I would just like to know if my Fiancee and I have a chance of being allowed to emigrate to Canada or not please. Any help/advice you could give us would be great. We have always wanted to move across and we want to start planning early. I have found some websites that calculate 'points' etc but they don't seem too reliable.

A bit of background on us both (we'll be married by the time we want to move across - 

I am 28 and a Web Developer,with 5 years + experience but no degree. I also own a property that I rent out, not sure if that counts for anything.

My Fiancee is 26 and a fully qualified ACCA accountant and she has a degree.

We would love to move to the Vancouver area. 

Thank you very much for your help.

Dan


----------



## Auld Yin (Mar 10, 2009)

Unfortunately neither of you have occupations on THE LIST of 29 that Canada is deficient in. However not all is lost. Given your ages you will probably qualify for a WHV (Working Holiday Visa). Tou should go to the following websites for information.
Work Canada | Working Holiday Canada, live and work in canada, Seasonal Jobs Canada, Jobs in Canada
Foreign Affairs and International Trade Canada (DFAIT)

Good Luck.


----------



## dancs85 (Jul 19, 2011)

Auld Yin said:


> Unfortunately neither of you have occupations on THE LIST of 29 that Canada is deficient in. However not all is lost. Given your ages you will probably qualify for a WHV (Working Holiday Visa). Tou should go to the following websites for information.
> 
> 
> Good Luck.


Hi,

Thank you for your help.

So, is the only way to get a permanent visa to be a worker on the list you mentioned? I take it you mean, if I done one of those jobs for a living I could apply for the permanent visa and move to Canada without a job and then secure one once I go there. Safe in the knowledge that any jobs I applied for wouldn't require to get a visa for me.

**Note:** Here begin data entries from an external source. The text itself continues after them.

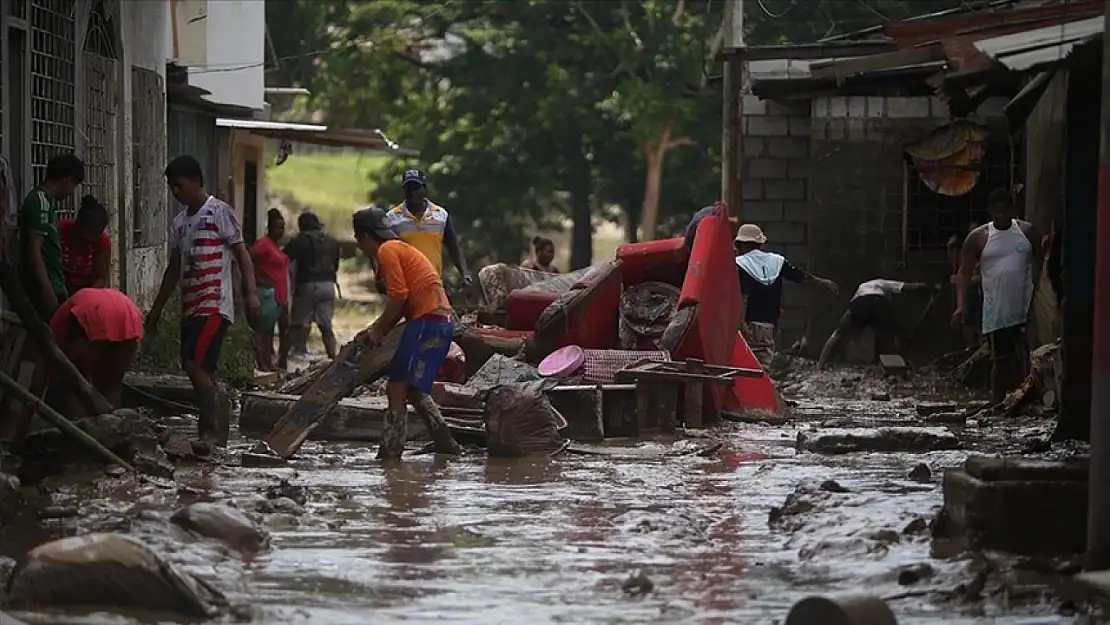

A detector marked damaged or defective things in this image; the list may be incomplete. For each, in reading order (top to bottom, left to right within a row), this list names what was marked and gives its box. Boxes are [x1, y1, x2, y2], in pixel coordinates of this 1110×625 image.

broken wooden board [266, 328, 410, 459]
broken wooden board [243, 392, 486, 441]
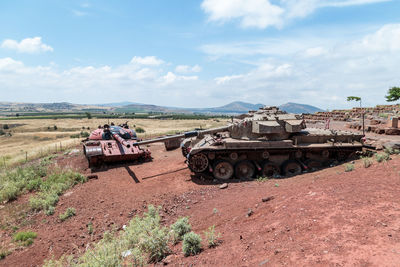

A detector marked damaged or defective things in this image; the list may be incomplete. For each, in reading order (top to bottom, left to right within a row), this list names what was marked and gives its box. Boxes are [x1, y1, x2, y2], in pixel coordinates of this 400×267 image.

rusty tank [82, 123, 151, 168]
rusty tank [133, 107, 364, 180]
second rusty tank [135, 108, 366, 181]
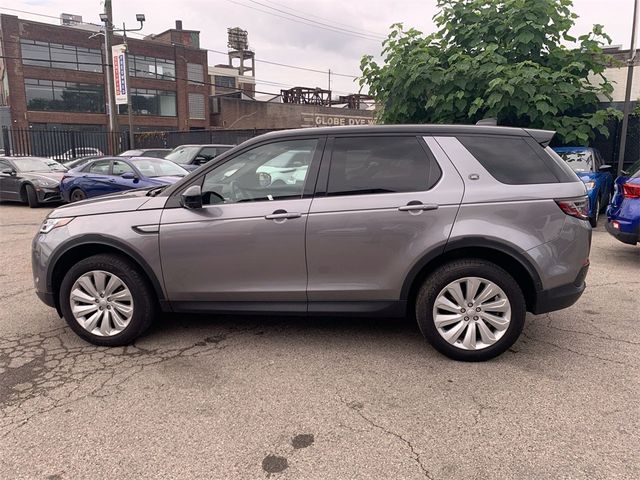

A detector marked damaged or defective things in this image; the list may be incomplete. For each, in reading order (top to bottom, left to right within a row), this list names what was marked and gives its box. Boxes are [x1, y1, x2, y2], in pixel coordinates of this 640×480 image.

cracked asphalt [0, 203, 636, 480]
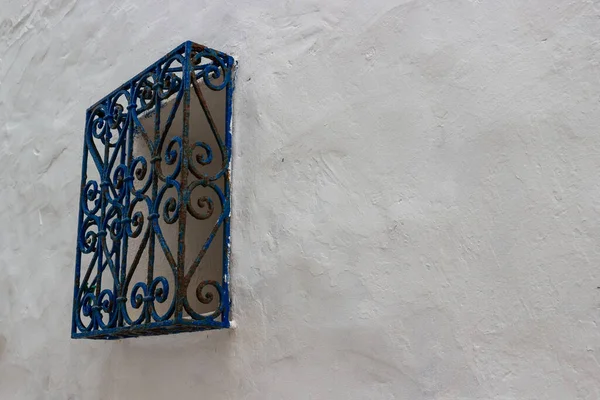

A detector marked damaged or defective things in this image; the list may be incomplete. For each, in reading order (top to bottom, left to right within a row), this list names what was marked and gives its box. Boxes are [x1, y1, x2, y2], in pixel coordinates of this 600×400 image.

rusty metal grille [72, 42, 234, 340]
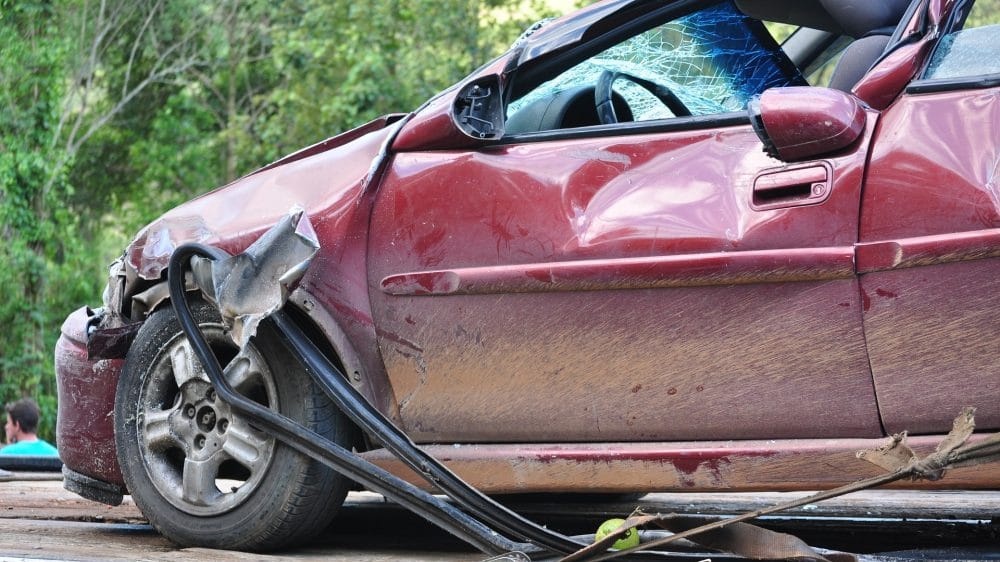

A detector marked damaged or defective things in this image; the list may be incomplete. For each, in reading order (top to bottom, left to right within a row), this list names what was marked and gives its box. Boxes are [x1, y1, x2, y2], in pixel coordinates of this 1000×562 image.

shattered windshield [508, 0, 804, 122]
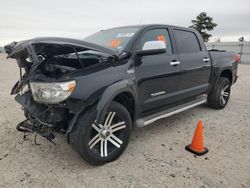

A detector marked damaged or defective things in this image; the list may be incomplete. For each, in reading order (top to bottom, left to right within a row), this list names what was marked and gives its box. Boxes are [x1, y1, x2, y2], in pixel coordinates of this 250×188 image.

damaged hood [4, 37, 117, 59]
broken headlight [29, 80, 76, 104]
crumpled fender [95, 79, 138, 125]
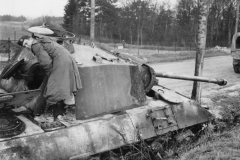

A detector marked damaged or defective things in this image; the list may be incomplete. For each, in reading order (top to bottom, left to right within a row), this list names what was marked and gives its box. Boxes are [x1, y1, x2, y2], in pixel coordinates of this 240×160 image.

damaged german tank [0, 26, 227, 160]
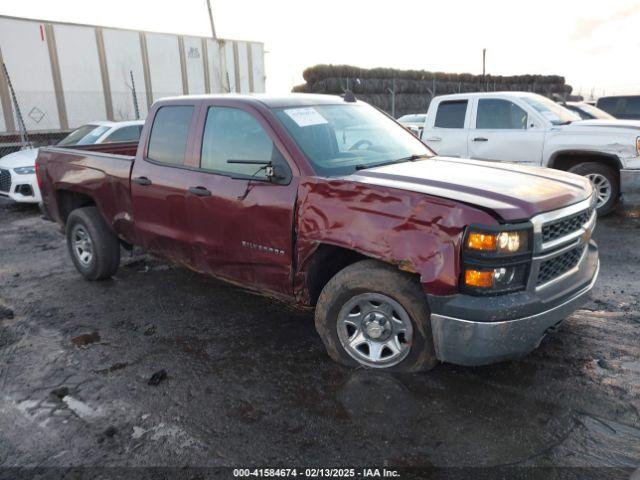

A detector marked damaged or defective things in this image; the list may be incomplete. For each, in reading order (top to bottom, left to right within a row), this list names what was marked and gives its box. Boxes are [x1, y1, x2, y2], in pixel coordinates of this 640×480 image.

crumpled fender [296, 178, 500, 302]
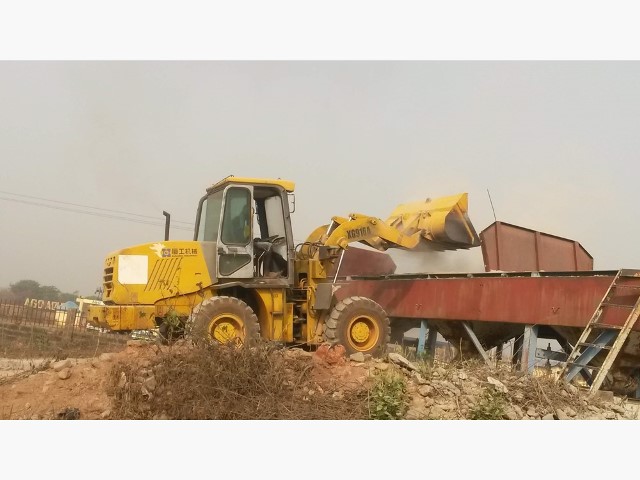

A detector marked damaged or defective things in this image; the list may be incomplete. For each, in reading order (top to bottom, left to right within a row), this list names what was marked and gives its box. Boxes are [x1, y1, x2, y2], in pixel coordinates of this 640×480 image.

red rusted metal panel [328, 246, 398, 276]
red rusted metal panel [480, 222, 596, 272]
red rusted metal panel [336, 272, 640, 332]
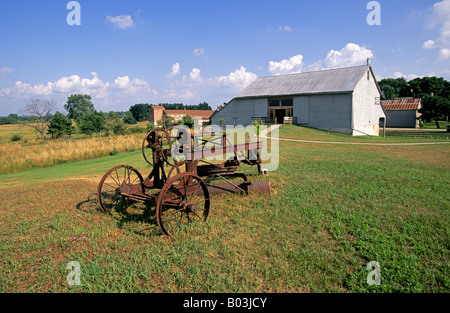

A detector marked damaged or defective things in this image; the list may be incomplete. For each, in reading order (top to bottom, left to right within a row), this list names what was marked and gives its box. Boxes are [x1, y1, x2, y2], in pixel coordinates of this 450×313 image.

rusty farm machinery [96, 123, 268, 234]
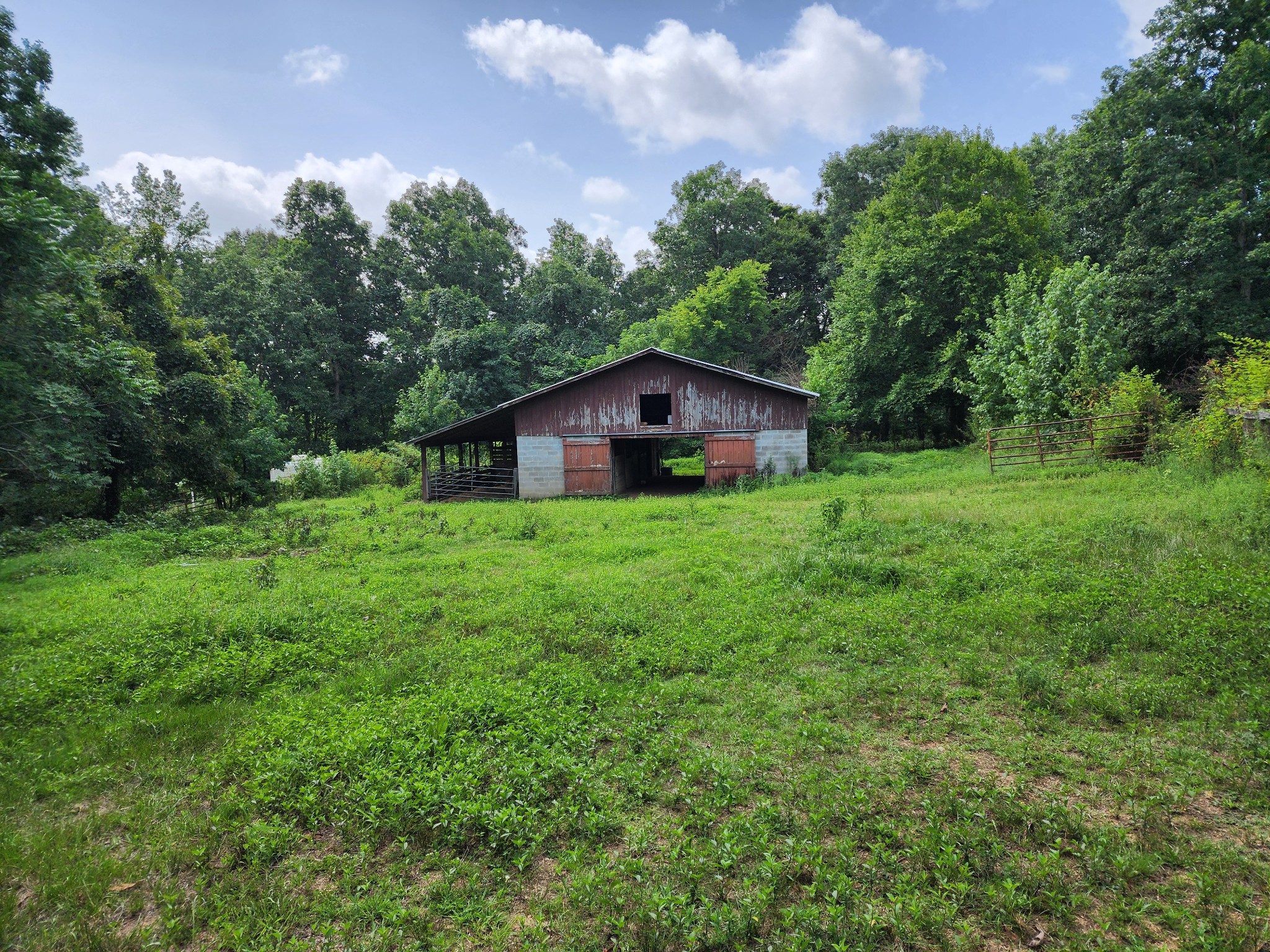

And if I get a working holiday visa, come across on that I can apply for Web Developer jobs and then hopefully get full sponsorship before my holiday visa runs out, because ideally we'd like to move over for life and have children in Canada etc.

Sorry for asking so many questions and thanks again for your help.

Dan


----------



## Auld Yin (Mar 10, 2009)

dancs85 said:


> Hi,
> 
> Thank you for your help.
> 
> ...


Good Luck.


----------



## Jan74 (Jul 18, 2011)

With a job offer you can also apply straight for Permanent Residency, not just TWP.

Information about that is right on the CIC site. It has to be a bona fide job offer for an indeterminate amount of time, though, not a letter saying they intend to hire you for a short amount of time.


----------



## dancs85 (Jul 19, 2011)

Sorry not been on for a few days. 

Thanks for the extra info guys, very much appreciated. It looks like it's very much a possibility for us to move over. 

Thanks
Dan


----------